# RECORDS FOR THIS TASK
______

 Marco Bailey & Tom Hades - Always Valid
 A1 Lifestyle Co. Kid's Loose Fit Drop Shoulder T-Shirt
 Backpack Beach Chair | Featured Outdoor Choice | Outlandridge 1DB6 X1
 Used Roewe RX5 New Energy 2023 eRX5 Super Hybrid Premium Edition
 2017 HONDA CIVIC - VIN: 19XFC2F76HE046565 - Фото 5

______

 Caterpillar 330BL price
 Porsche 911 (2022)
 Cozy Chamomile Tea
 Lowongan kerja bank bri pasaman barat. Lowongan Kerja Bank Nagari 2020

______

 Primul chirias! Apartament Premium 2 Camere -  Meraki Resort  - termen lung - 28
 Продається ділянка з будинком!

______

# WHAT IS NEEDED
Within the material above, extract exactly the lines that start at the line containing "Marco Bailey & Tom Hades - Always Valid" and stop after the line containing "2017 HONDA CIVIC", and only those.

# YOUR SOLUTION
 Marco Bailey & Tom Hades - Always Valid
 A1 Lifestyle Co. Kid's Loose Fit Drop Shoulder T-Shirt
 Backpack Beach Chair | Featured Outdoor Choice | Outlandridge 1DB6 X1
 Used Roewe RX5 New Energy 2023 eRX5 Super Hybrid Premium Edition
 2017 HONDA CIVIC - VIN: 19XFC2F76HE046565 - Фото 5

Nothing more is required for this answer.